Davies et al. (2009) analyzed the relationship between economic fluctuations and occupational accident rates in the U.K. from 1986 to 2004. It was an empirical analysis of how much occupational accident rate changed in accordance with the variation of GDP in nine industries. According to the analysis, minor accidents were related to the change of GDP while serious accidents had no statistical relationship. The study also analyzed the relationship between the conditions of the labor market and occupational accident rates from 1993 to 2005. As Breslin et al. (2007) mentioned, new employment and serious and minor accidents had a positive correlation. Moreover, working hours, the degree of concentration during working hours, etc. had positive correlation with both serious and minor accidents. Kim and Park (2020) showed that the number of occupational accidents per month is associated with the production index of manufacturing industry, the status of construction commencement, the ratio of male workers, etc. Kim(2022) pointed out that the employment instability of workers can adversely affect safety behavior and lead to occupational accidents.

 In addition, there are also comparative studies between nations regarding the connection between socio-economic factors and occupational accidents. Mouza and Targoutzidis (2010) analyzed the relationship between the indexes of occupational accidents (fatal injuries, non-fatal injuries) and economic changes (per capita GDP, unemployment rate, and wage level) in six European countries (Austria, Finland, France, Italy, Germany and Switzerland), based on the data from 1990 to 2005. According to the study, per capita GDP had a statistically significant negative relationship with occupational accidents in all the countries. It can be interpreted that, if GDP increases, occupational accidents decrease due to improvement of safety consciousness, maintenance of related law systems, etc. Meanwhile, different results were deduced in terms of an unemployment rate among countries, and it was interpreted that the reason consisted in differences in labor intensiveness, flexibility of the labor market, etc. among countries. Nishikitano and Yano (2008) analyzed the difference in occupational accident mortality in OCED countries from 1993 to 1998. The study divided 27 OECD countries into three groups based on the annual occupational accident rate, and mentioned that the difference in mortality among groups originated from the industry proportion, expenditure in the public sector, the social insurance system related to compensation for occupational accidents, etc. Benavides et al. (2005) conducted an empirical study of the trend of diminution in the fatal occupational accident rate in five European countries (Austria, Finland, France, Spain and Sweden). The study pointed out that the reduction in the occupational accident rate of each country occurred in the transition from dangerous to safe jobs. The study also mentioned that such an analysis result could have derived from the so-called “export of hazard (Herbert and Landrigan, 2000)” where relatively dangerous jobs are transferred to developing countries as a result of international exchanges.

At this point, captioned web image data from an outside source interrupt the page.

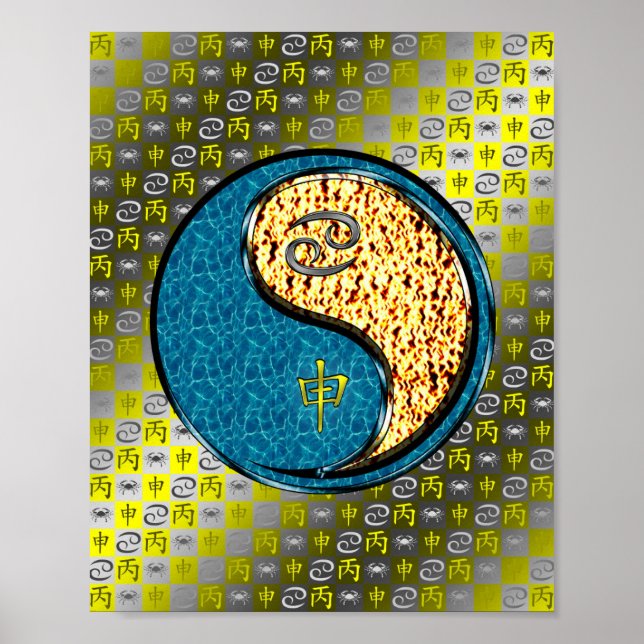 Póster Mono contra el cáncer y el fuego (Frente)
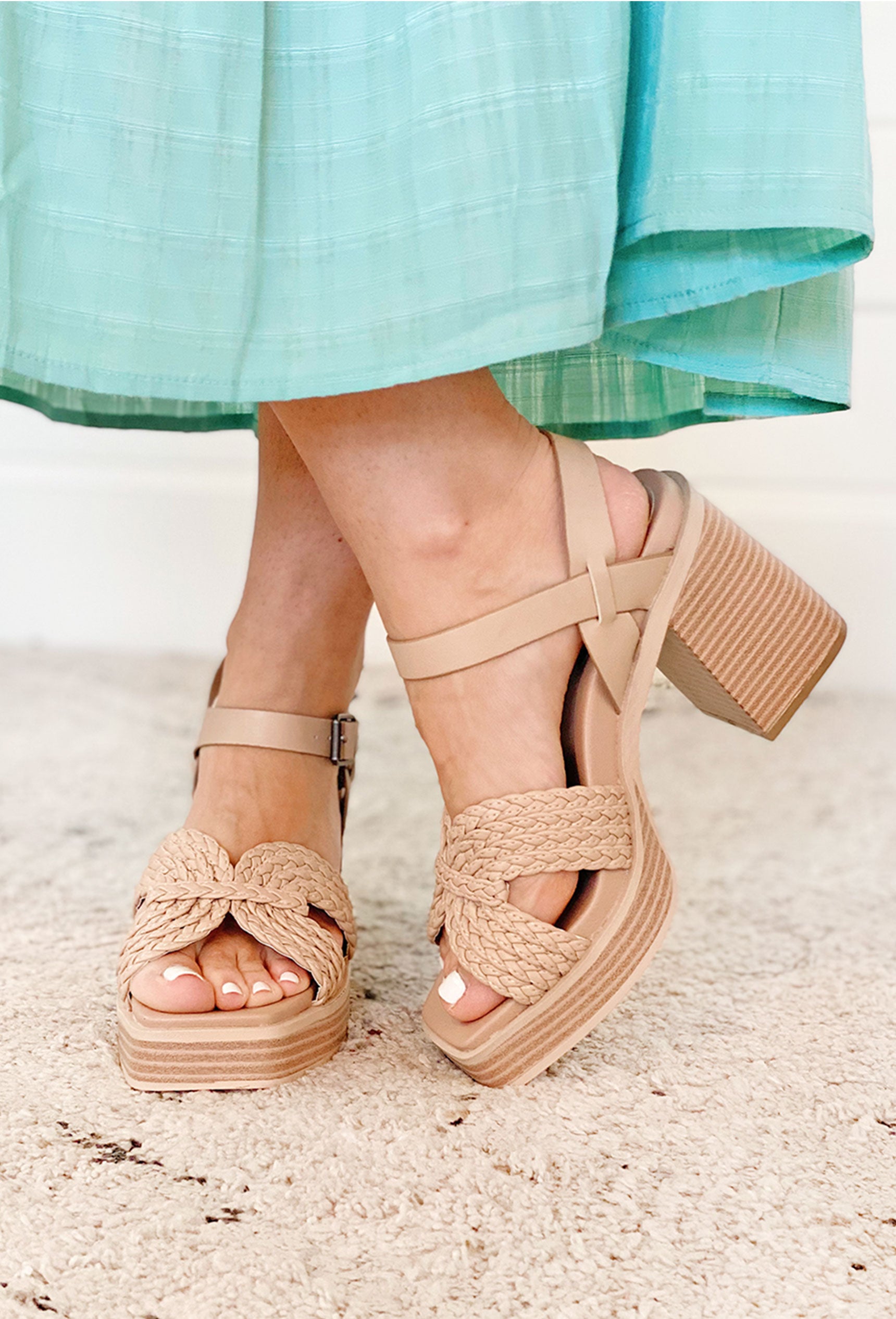 Rayan Beige Block Heel, beige block heel with braided straps across heel and around ankle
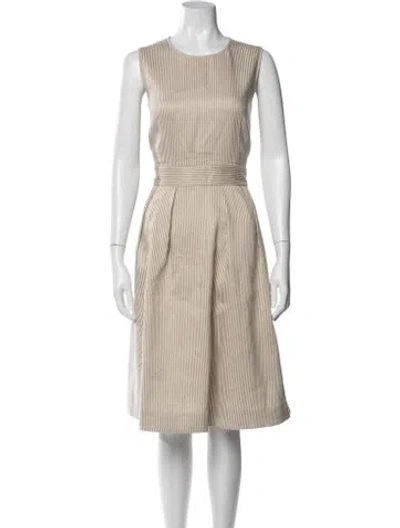 Pre-owned Lafayette 148 Striped Midi Length Dress In Neutral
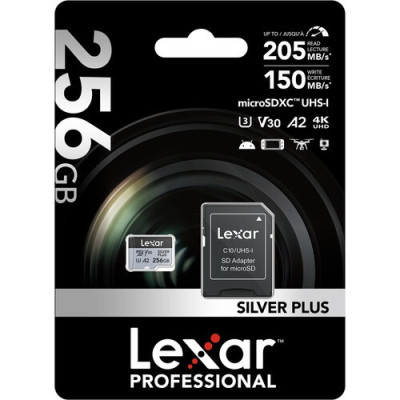 Карта памяти Lexar 256GB High-Performance Silver Plus microSDXC + SD-адаптер- фото2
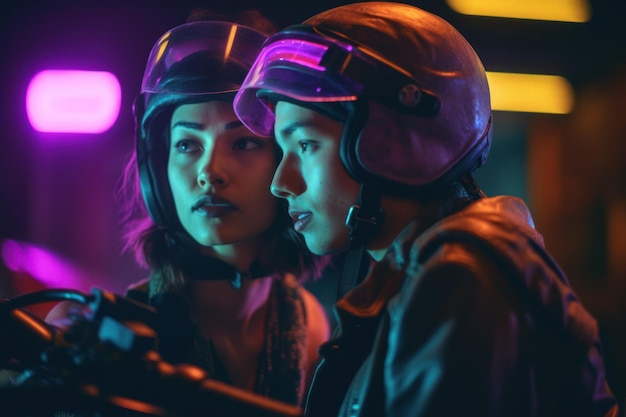Zwei Mädchen mit Helmen in lila Neonlicht auf einem Motorrad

 This study uses long time series data compared to previous studies and presents empirical research results by setting countries with relatively low occupational accident rates as research subjects. In addition, this study is designed to analyze the relationship with occupational accident rates by using the index reflecting the characteristics of the labor market, etc. The preceding studies have not approached such areas. This study aims to provide policy implications necessary for reducing occupational accidents rates to policymakers and researchers in countries with high occupational injury rates   

 

 This study counts on the data of occupational accidents and socio-economic factors in the countries subject to the analysis. The data of occupational accidents by country is collected from the agency in charge of the statistics of occupational accidents in each country. The data of socio-economic factors is obtained from OECD, ILO, IMF, UN, WEF, etc. The countries subject to the analysis correspond to Japan, Germany, the U.S., and the U.K. that can provide long-term data of occupational accidents with relatively low-rate occupational accidents.[Figure 1] By establishing as long as possible time series panel data of the countries with currently low rates of occupational accidents, this study aims to analyze which socio-economic factors worked to reduce occupational accidents 

 

 

 The data of occupational accidents is analyzed focused on occupational injury accidents. Among occupational accidents, occupational diseases are excluded since some countries including Japan do not publish the data. Moreover, in the case of diseases, there may be considerable time difference between the time of outbreak and that of working. Thus, it is highly difficult to grasp the time of working when a disease occurs, and it is thought inappropriate to analyze the influence of socio- economic factors. 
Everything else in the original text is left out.